# What is the temp at your house?



## XFS_Duke (Nov 27, 2013)

Hello everyone,

I was just thinking about the weather we're having here in Louisiana and wanted to know what it is like everywhere else?

Currently it is about 40*°*F here and pretty much dry air. We had one of those horrible mist/rains yesterday and it was horrible. Just made everything wet and muddy.

How is it for everyone else on here? And don't tell me to check the Weather Channel! lol Just making small talk...


----------



## KS_Samuel (Nov 27, 2013)

It's 22C in my lounge. But the heating is on as well as a half rack of servers in the corner.

Outside is currently around 8C


----------



## fizzyjoe908 (Nov 27, 2013)

25F and snow on the ground - more on the way tonight.


----------



## drmike (Nov 27, 2013)

Feels like 11F here.  Yeah lets argue about perceived air temperature   It's cold and we have snow.

Weather has been utter crap for most of the last week.  At least 4-5 days of entirely below freezing.


----------



## MannDude (Nov 27, 2013)

27°F

FEELS LIKE 16°

 

or

 


-3°C

FEELS LIKE -9°


----------



## Damian (Nov 27, 2013)




----------



## Ruchirablog (Nov 27, 2013)

23C , 73F


----------



## eva2000 (Nov 27, 2013)

30C in Brisbane Australia 

Some parts of my state today at 38C to 41C (100F to 106F for you US folks) http://www.weatherzone.com.au/region.jsp?lt=wzstate&lc=qld&list=fc


----------



## Enterprisevpssolutions (Nov 27, 2013)

Tampa, FL

Wednesday 9:00 PM

Clear


52

°F | °C



Precipitation: 10%

Humidity: 74%

Wind: 10 mph


----------



## XFS_Duke (Nov 27, 2013)

Awesome, so it's going to be in the 20's tonight.. Hard freeze here... I wish it would snow, but I'm sure it won't anytime soon. They are calling for a cold winter this year. I can't wait!


----------



## trewq (Nov 27, 2013)

~14C here at the moment with rain and thunder this morning. I like this weather.
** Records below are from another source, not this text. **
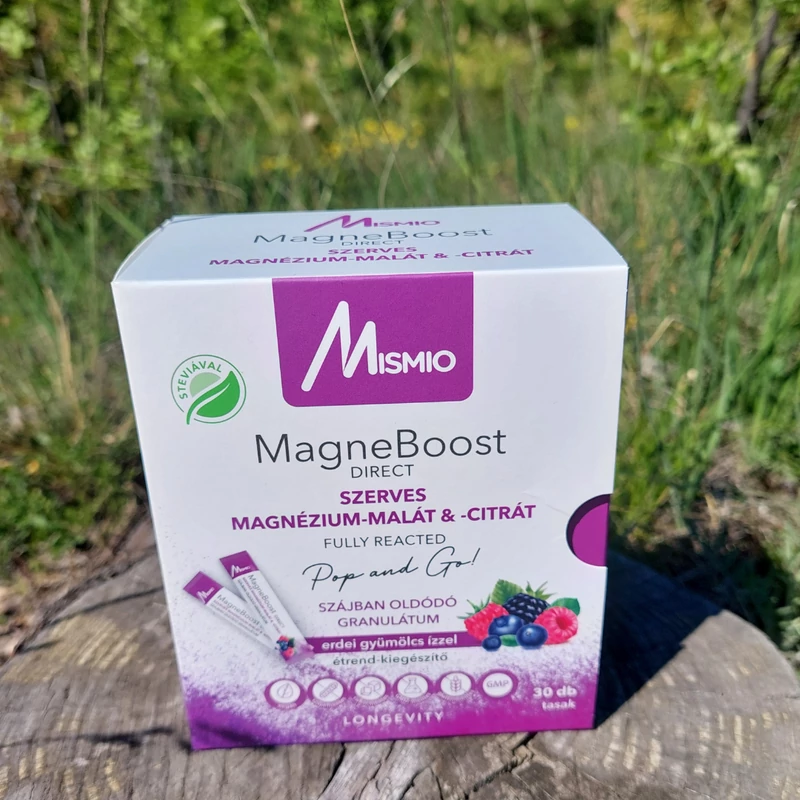 MagneBoost DIRECT  szerves magnézium-malát és -citrát 30 tasak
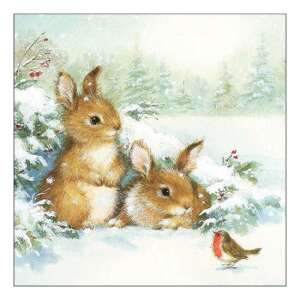 Friends in snow papírszalvéta téli mintával, két nyuszival és egy rigóval - Szalvéta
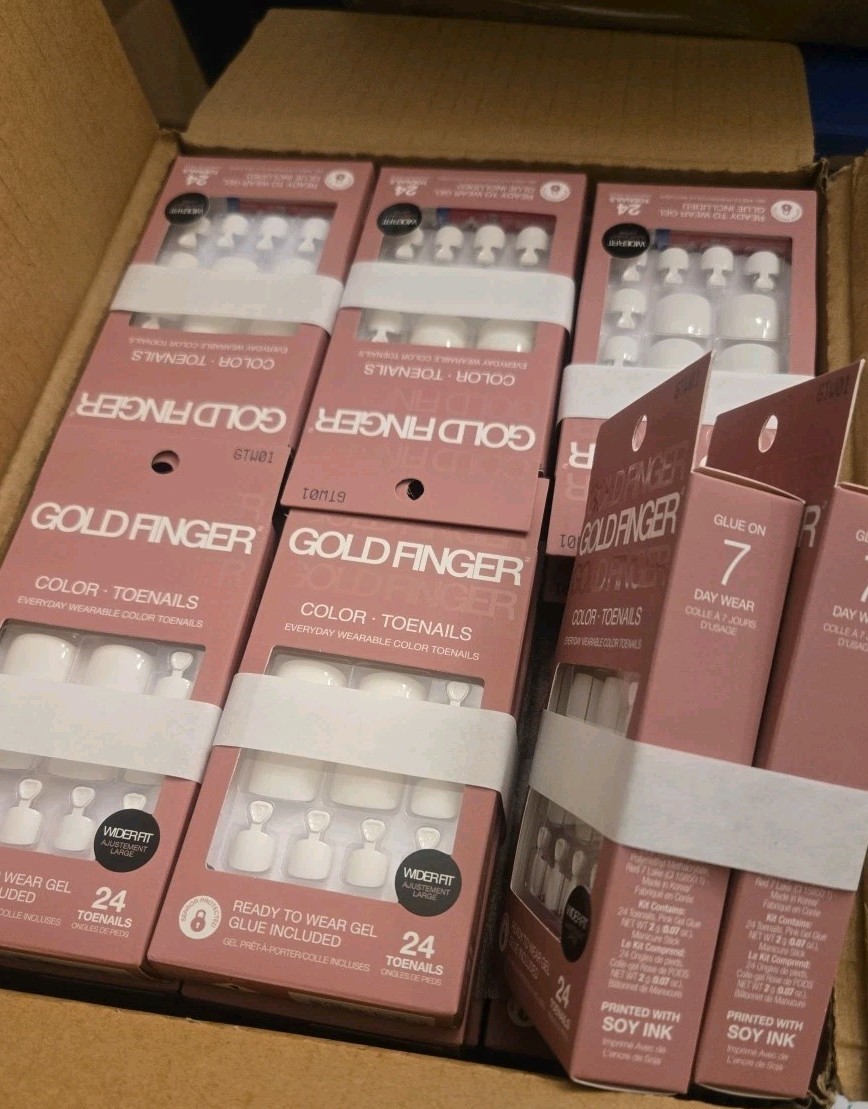Lot of 36 White Toenails Nail Glue Included in Each Box 6TW01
http://m.weatherzone.com.au/tas/south-east/hobart


----------



## MannDude (Nov 27, 2013)

21°F (FEELS LIKE 13°) or -6°C (FEELS LIKE -11°)

 

Walking to the pub later, will be fun in this cold. Walking back shouldn't be too bad. I'll handle the cold better then.


----------



## fixidixi (Nov 28, 2013)

Well it's -5 now.. last week it was around 0..


----------



## KS_Phillip (Nov 28, 2013)

0C, with 32-52kph wind and snow coming down hard


----------



## InertiaNetworks-John (Nov 28, 2013)

Outside: 19

Inside: 70

Milwaukee, Wisconsin


----------



## Kakashi (Nov 29, 2013)

25 Degrees C. A little too warm for my liking but have to keep it high for the baby.

4 Degrees outside.


----------



## cloudlix (Dec 19, 2013)

Now in our office is 20°C so it`s very good for work not to warm not to cold  

Outside we have 2°C


----------



## AuroraZero (Dec 20, 2013)

24 c but the wind chill makes it fel like 19 c. Snowing also, but that is December 19th in Michigan for you. Going to be a white Christmas here for us this year. Good thing I have wood stocked up. 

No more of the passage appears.